[Dataset records]
*** Block opens ***

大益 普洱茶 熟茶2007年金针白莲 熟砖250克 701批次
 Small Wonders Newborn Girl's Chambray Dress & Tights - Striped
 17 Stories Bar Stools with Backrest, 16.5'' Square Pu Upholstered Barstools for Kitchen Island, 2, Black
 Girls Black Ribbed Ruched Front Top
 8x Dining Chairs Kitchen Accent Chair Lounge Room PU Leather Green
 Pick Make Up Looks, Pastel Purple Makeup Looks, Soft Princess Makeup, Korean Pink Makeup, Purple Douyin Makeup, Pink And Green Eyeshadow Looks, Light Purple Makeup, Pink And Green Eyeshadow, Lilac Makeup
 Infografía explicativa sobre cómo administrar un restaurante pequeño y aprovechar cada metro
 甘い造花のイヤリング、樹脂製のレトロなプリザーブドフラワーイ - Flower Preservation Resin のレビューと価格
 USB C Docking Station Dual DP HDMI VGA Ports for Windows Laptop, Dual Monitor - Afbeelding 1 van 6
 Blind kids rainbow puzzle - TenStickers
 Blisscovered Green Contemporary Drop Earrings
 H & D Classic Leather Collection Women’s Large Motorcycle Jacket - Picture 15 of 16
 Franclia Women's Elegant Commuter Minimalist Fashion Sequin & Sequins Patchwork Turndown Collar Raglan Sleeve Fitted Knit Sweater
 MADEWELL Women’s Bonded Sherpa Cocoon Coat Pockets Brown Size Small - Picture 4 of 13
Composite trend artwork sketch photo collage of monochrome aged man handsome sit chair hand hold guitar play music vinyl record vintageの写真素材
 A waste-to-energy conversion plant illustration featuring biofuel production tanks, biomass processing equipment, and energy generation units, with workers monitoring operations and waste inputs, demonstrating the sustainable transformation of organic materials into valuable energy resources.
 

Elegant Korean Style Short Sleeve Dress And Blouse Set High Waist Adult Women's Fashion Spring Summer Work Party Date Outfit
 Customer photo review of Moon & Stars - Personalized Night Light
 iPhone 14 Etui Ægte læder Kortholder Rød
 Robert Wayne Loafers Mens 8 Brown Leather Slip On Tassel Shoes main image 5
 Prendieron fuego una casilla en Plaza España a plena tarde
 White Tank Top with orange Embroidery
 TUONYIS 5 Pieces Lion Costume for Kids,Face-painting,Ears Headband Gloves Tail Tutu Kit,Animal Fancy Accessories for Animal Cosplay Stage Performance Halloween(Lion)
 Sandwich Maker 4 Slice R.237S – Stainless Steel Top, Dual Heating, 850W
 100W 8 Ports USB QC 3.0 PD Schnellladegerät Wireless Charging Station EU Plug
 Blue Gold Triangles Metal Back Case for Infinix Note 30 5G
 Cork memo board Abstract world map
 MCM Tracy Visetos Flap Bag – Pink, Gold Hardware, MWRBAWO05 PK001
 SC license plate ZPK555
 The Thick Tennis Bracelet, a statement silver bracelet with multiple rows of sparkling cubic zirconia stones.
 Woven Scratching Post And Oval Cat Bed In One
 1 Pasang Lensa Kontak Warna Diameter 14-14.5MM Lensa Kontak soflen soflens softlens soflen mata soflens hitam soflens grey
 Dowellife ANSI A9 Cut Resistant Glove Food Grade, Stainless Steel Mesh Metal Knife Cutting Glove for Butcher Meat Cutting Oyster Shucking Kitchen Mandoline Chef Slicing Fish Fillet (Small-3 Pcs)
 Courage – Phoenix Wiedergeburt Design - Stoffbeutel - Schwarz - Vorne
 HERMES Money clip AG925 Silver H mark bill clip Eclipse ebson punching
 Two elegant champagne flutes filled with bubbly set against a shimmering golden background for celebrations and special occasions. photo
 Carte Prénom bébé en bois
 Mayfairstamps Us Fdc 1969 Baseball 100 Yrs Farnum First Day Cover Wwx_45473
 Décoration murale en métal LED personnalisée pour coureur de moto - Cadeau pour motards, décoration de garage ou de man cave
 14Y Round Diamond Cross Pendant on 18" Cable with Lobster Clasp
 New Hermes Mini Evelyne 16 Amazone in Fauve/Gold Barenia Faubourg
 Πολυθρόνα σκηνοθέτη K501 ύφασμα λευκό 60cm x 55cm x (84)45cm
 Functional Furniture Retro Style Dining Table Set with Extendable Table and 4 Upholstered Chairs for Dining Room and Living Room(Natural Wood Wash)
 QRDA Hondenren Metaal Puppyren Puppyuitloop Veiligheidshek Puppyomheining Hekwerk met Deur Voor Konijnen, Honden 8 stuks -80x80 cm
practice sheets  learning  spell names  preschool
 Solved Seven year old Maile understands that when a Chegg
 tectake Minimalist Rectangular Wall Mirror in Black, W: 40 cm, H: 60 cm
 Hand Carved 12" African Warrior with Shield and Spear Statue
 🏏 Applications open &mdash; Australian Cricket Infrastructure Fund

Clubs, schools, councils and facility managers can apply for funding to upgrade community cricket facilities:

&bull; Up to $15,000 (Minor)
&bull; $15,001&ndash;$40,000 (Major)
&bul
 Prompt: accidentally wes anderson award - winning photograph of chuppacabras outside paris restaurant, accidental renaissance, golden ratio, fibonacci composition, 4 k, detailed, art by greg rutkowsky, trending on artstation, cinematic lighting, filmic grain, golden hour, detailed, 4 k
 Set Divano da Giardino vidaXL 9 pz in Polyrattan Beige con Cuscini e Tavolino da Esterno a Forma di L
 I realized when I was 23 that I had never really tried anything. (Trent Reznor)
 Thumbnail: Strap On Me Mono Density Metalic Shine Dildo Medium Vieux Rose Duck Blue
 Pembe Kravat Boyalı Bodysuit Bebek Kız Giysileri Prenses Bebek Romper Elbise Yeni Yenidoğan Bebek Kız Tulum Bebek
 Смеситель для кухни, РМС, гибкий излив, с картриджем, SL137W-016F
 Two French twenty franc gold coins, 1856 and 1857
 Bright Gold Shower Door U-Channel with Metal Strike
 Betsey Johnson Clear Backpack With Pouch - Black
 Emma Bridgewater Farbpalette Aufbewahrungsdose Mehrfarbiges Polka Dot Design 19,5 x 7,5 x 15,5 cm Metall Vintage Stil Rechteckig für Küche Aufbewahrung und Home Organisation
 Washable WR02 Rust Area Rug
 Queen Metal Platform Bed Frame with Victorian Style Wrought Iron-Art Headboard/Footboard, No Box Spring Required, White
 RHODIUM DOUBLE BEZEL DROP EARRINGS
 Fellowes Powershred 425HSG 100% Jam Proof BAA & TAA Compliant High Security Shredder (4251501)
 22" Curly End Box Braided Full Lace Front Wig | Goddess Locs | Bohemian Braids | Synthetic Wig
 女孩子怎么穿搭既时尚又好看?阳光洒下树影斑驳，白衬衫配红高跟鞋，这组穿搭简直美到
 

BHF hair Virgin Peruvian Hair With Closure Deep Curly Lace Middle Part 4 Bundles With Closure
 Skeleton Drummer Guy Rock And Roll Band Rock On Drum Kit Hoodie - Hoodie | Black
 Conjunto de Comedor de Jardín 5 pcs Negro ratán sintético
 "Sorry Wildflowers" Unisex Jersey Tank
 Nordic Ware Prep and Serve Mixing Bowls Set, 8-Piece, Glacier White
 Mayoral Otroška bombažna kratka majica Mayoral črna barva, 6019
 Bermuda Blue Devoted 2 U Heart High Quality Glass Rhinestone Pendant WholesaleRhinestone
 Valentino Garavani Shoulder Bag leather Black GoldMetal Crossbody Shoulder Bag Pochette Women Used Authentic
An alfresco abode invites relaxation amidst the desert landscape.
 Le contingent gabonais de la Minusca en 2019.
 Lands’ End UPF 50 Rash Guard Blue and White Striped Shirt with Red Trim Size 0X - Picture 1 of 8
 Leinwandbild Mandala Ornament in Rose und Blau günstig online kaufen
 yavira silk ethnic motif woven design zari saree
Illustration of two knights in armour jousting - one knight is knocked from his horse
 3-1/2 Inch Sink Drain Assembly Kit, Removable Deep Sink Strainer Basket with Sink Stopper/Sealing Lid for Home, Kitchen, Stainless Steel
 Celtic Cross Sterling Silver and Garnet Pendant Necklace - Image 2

*** Block closes ***

**Exercise objective**
Emit an exact copy of the lines spanning the start of the records to the line containing "8x Dining Chairs", inclusive, and no other output.

**Exercise answer**
大益 普洱茶 熟茶2007年金针白莲 熟砖250克 701批次
 Small Wonders Newborn Girl's Chambray Dress & Tights - Striped
 17 Stories Bar Stools with Backrest, 16.5'' Square Pu Upholstered Barstools for Kitchen Island, 2, Black
 Girls Black Ribbed Ruched Front Top
 8x Dining Chairs Kitchen Accent Chair Lounge Room PU Leather Green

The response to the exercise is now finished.